What to work on: Repeat the data in full. Drop every picture.

Exercise material:
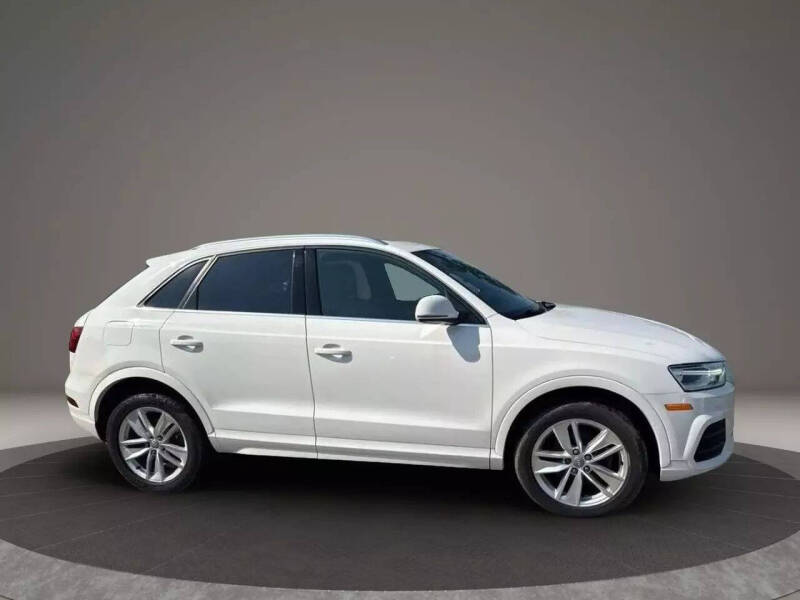 2017 Audi Q3 2.0T quattro Premium Plus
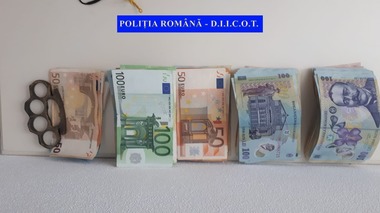 Două persoane arestate şi patru plasate sub control judiciar, într-un dosar de înşelăciune, delapidare şi spălare de bani/ 23 de persoane juridice au fost prejudiciate de 2,3 milioane de lei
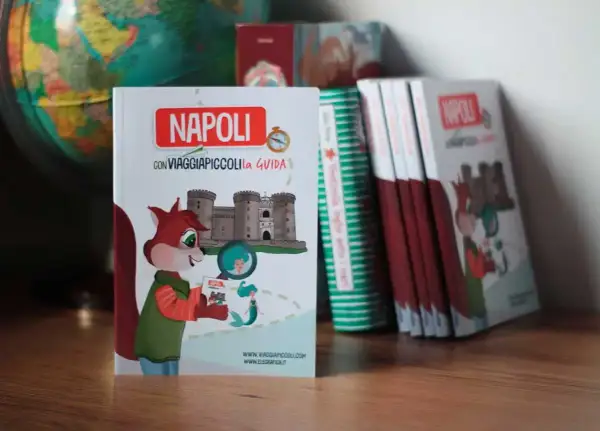 Libri sulla storia di Napoli per bambini, con una volpe che guida alla scoperta del Maschio Angioino.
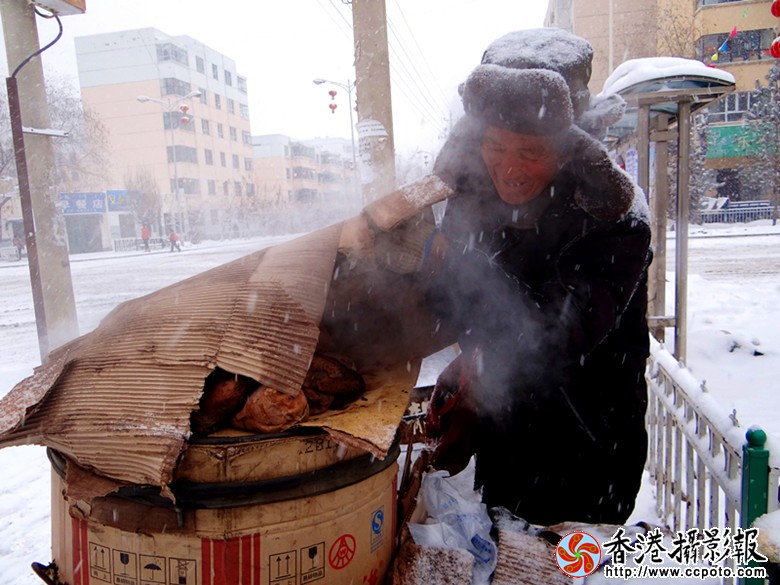 大雪中卖红薯的老人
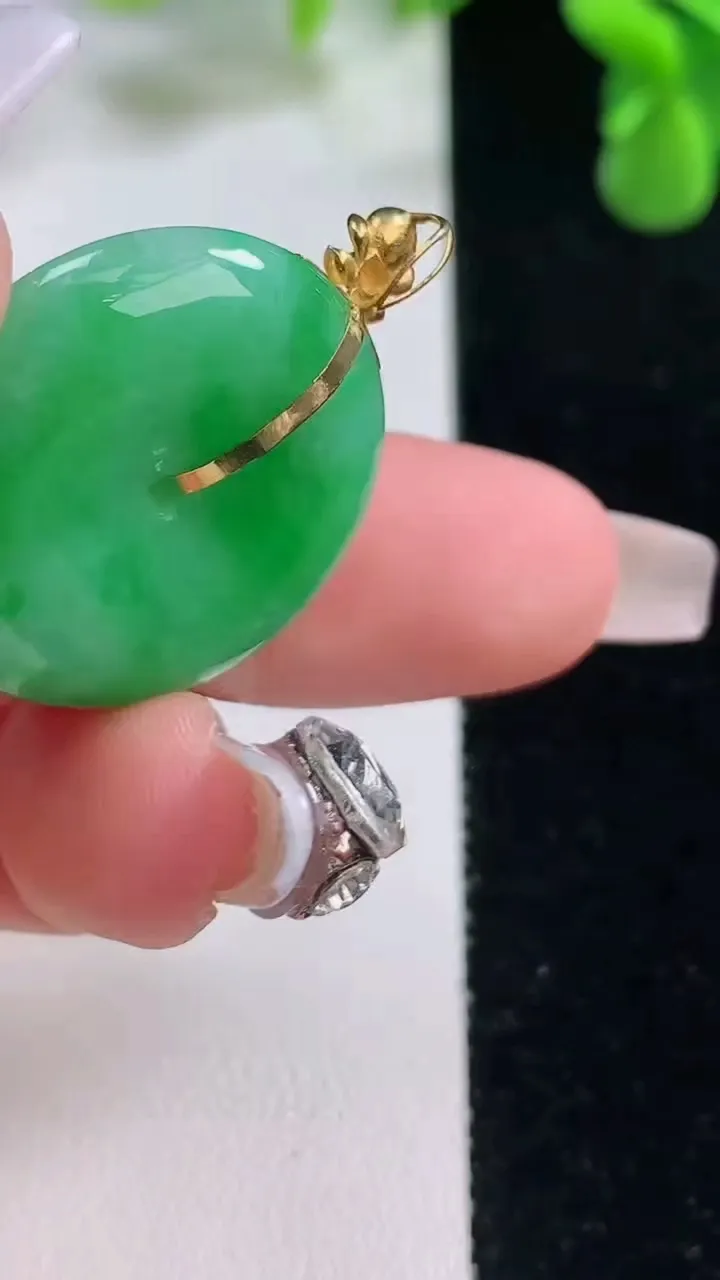 天然A货翡翠平安扣吊坠，尺寸25.2-6，重量:8.17g
12月20日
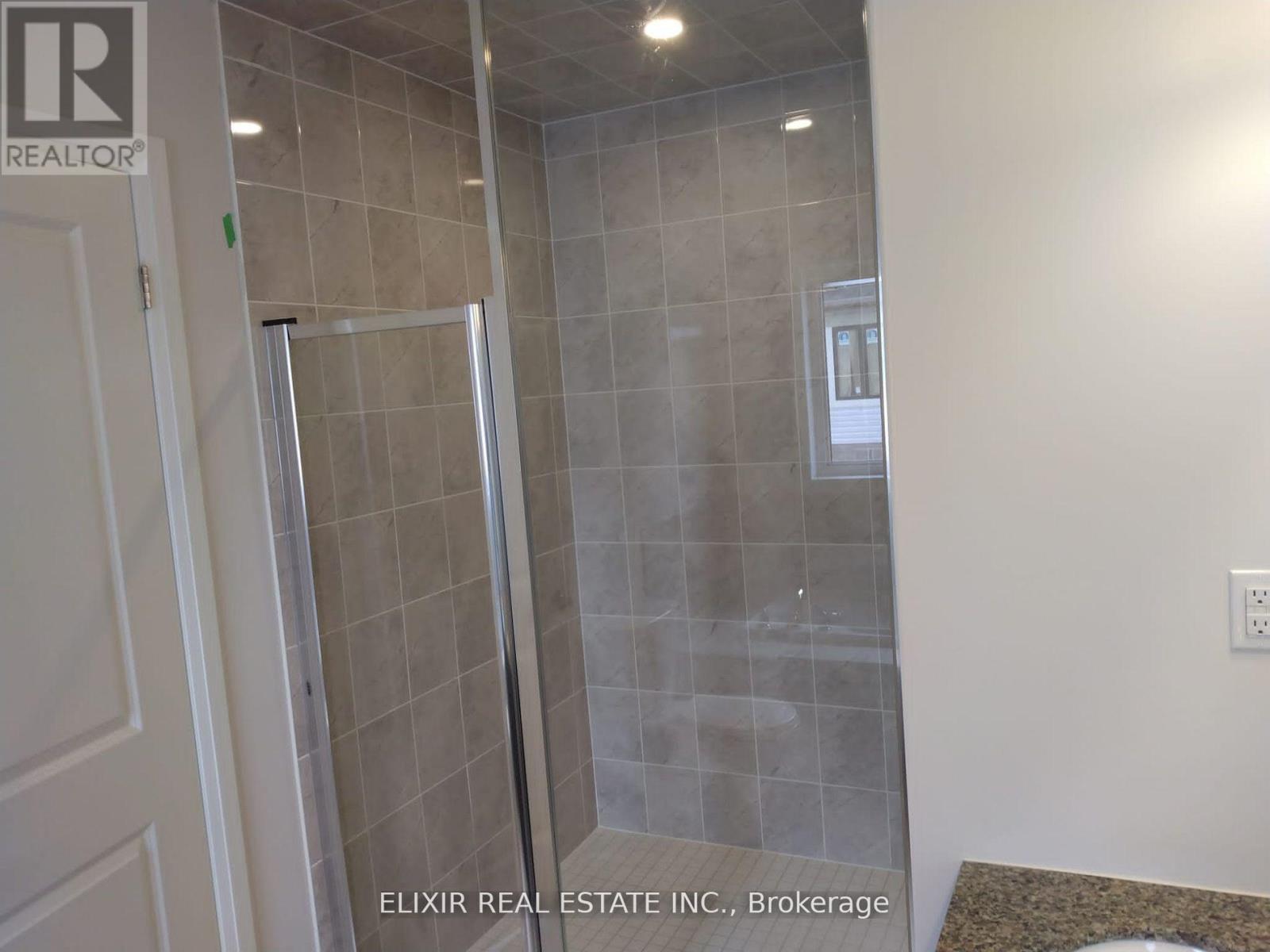 3 Weylie Street E, Hamilton, ON - Indoor Photo Showing Bathroom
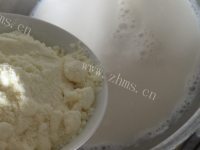 清爽的香浓奶味冰淇淋做法图解2)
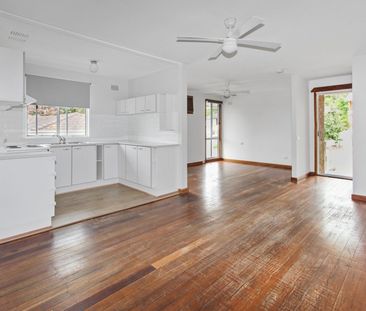 Rare 5-Bedroom Family Home - Photo 3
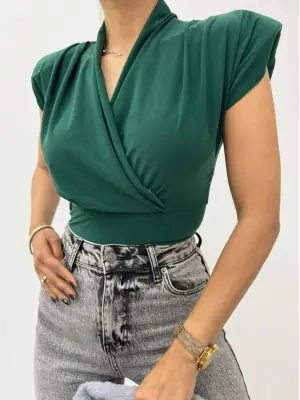 Sıfır Kol Vatkalı Kruvaze Model Sandy Bluz -Zümrüt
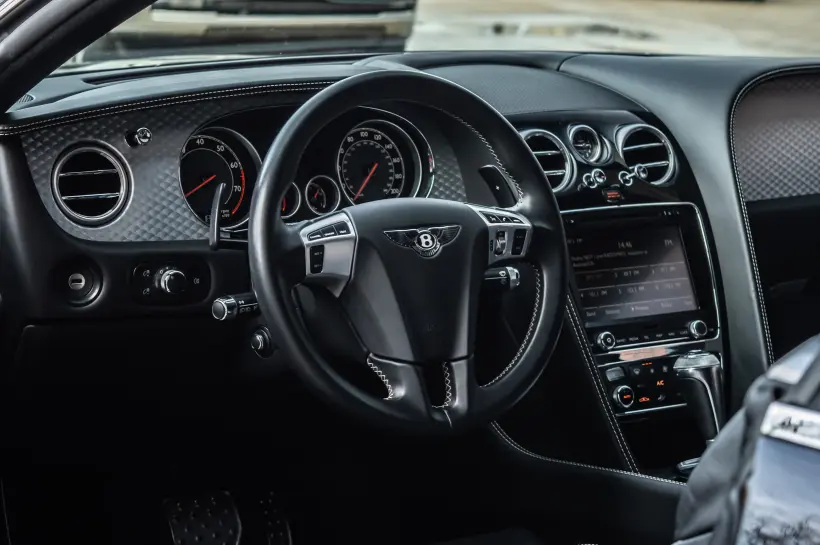 Bentley Continental GT 4.0 V8 Mulliner голяма снимка 429 - CrediRent Bentley Continental GT 4.0 V8 Mulliner голяма снимка 429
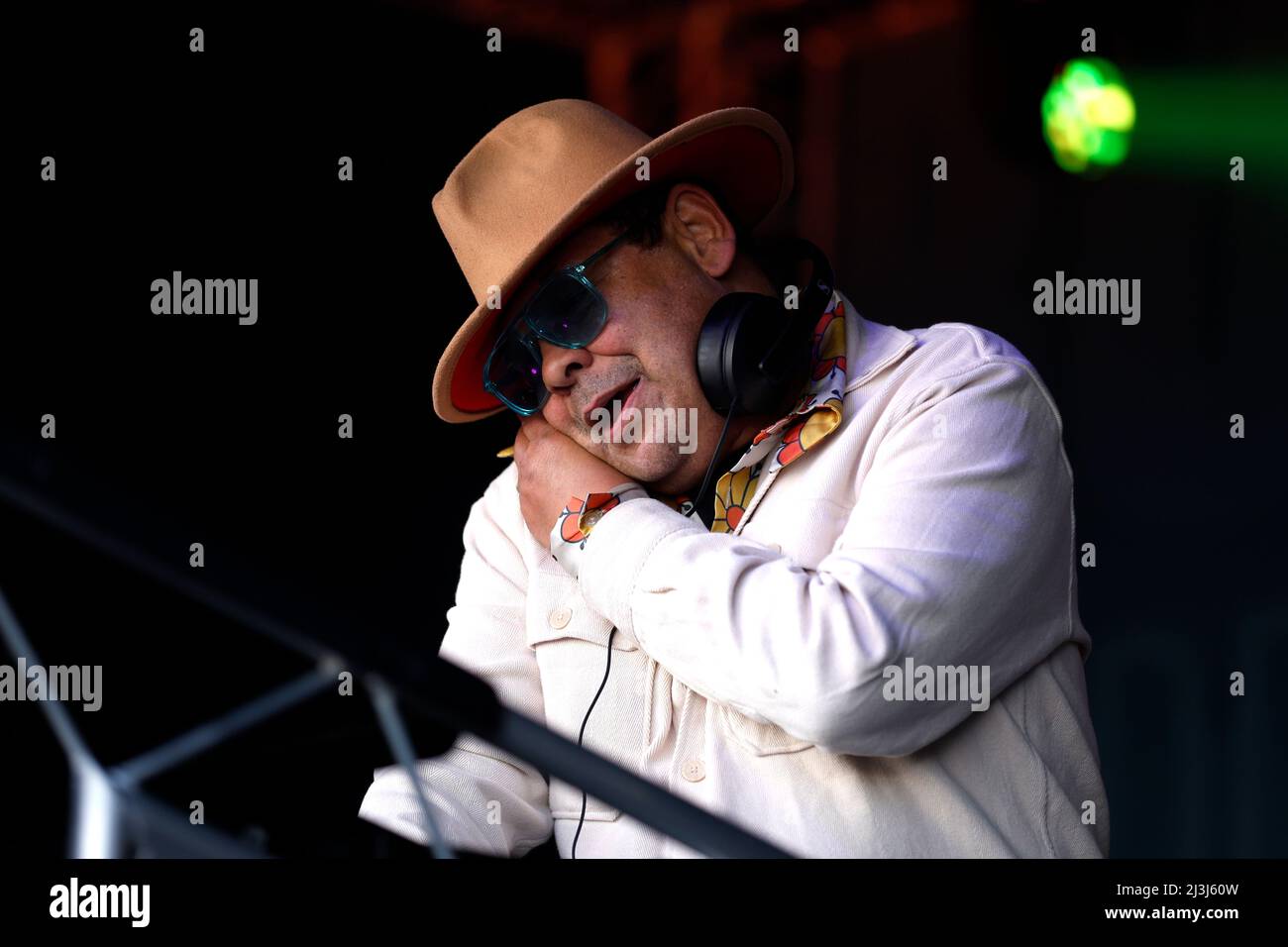 Craig Charles tritt während des Ladies Day auf der Aintree Racecourse in Liverpool im Red Rum Garden auf. Bilddatum: Freitag, 8. April 2022. Stockfoto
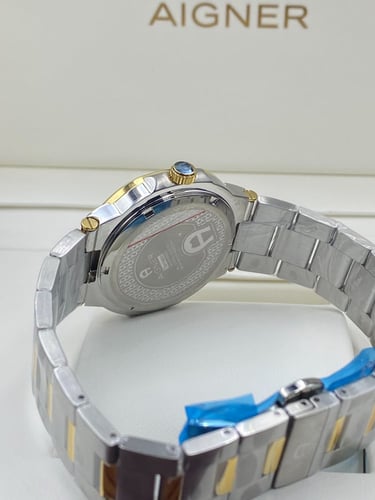 ساعة اقنر رجالي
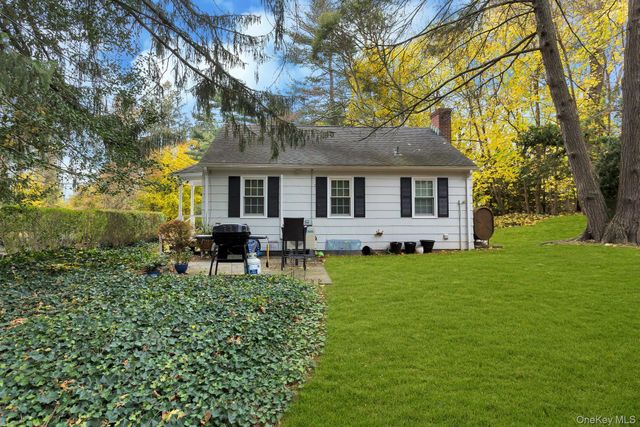 15 Cherry Lane A, Glen Head, NY 11545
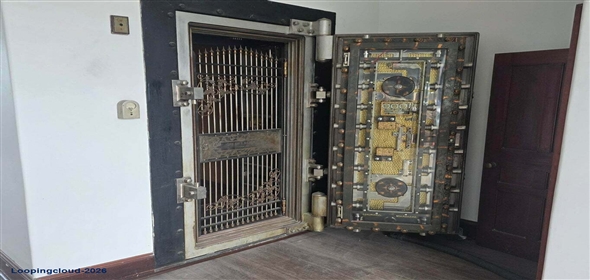 429 Main St Rockland Maine, 04841 | Historic Three-Story Office Building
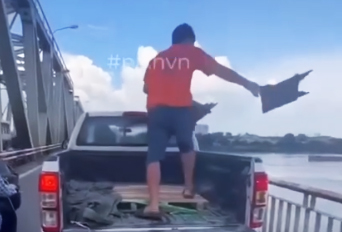 Image d'une personne dans une voiture jetant des ordures dans la riviere Rouge. Photo tiree d'un clip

Response area:
 2017 Audi Q3 2.0T quattro Premium Plus
 Două persoane arestate şi patru plasate sub control judiciar, într-un dosar de înşelăciune, delapidare şi spălare de bani/ 23 de persoane juridice au fost prejudiciate de 2,3 milioane de lei
 Libri sulla storia di Napoli per bambini, con una volpe che guida alla scoperta del Maschio Angioino.
 大雪中卖红薯的老人
 天然A货翡翠平安扣吊坠，尺寸25.2-6，重量:8.17g
12月20日
 3 Weylie Street E, Hamilton, ON - Indoor Photo Showing Bathroom
 清爽的香浓奶味冰淇淋做法图解2)
 Rare 5-Bedroom Family Home - Photo 3
 Sıfır Kol Vatkalı Kruvaze Model Sandy Bluz -Zümrüt
 Bentley Continental GT 4.0 V8 Mulliner голяма снимка 429 - CrediRent Bentley Continental GT 4.0 V8 Mulliner голяма снимка 429
 Craig Charles tritt während des Ladies Day auf der Aintree Racecourse in Liverpool im Red Rum Garden auf. Bilddatum: Freitag, 8. April 2022. Stockfoto
 ساعة اقنر رجالي
 15 Cherry Lane A, Glen Head, NY 11545
 429 Main St Rockland Maine, 04841 | Historic Three-Story Office Building
 Image d'une personne dans une voiture jetant des ordures dans la riviere Rouge. Photo tiree d'un clip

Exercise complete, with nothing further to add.